I am at the point that I am seriously considering how I am even still functioning. I feel so completely overwhelmed at the moment. Work is hectic, to put it mildly. My PIC is leaving. My grandmother AND sister are both in for a visit. I think I may just go insane!
At work I am handling 4 associations. Typically wouldn’t be bad but they all have decided to require attention at once. I am traveling to different cities to put on classes for one association while back at the office there are board meetings and conventions, websites, and newsletters that need to be done! And yet, I keep telling everyone that I can do it. So far, I have. But I have to do all this til the Monday after Thanksgiving. I don’t know if I can last that long.
Then my PIC at work is leaving. I am happy she is going to a new place that will hopefully make her happier but I don’t know what I will do without someone to laugh with or commiserate with at work! It will be a rough adjustment!

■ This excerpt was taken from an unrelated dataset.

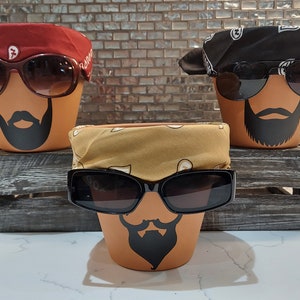 Sassy Soul Mister, Head Face Planter with Glasses, Planter with Drainage, Planters and Pots, Cute Planter, Flower Pots, Planter, Unique Gift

The visits! My grandmother arrives today. Love her to death but it is so hard to please her. Then my sister arrives on Friday. That ought to be interesting. And me, trying to please everyone will be running around like a chicken without a head. On Saturday my grandmother, my mom, my sister and I are attending the football game. That ought to be interesting since my sister is already being a baby about that. She wants to go down all day to tailgate and get drunk. Which means she will need a ride down there, which means I will have to drive her. Then later I will have to pick up my mom and grandmother to take them down to the game and then sit through the game with them while I am sure my grandmother will make some comment about my sister’s drinking. We are all over 21! It’s legal as long as she doesn’t drive!
Is it possible to give oneself an ulcer? I think I am well on my way!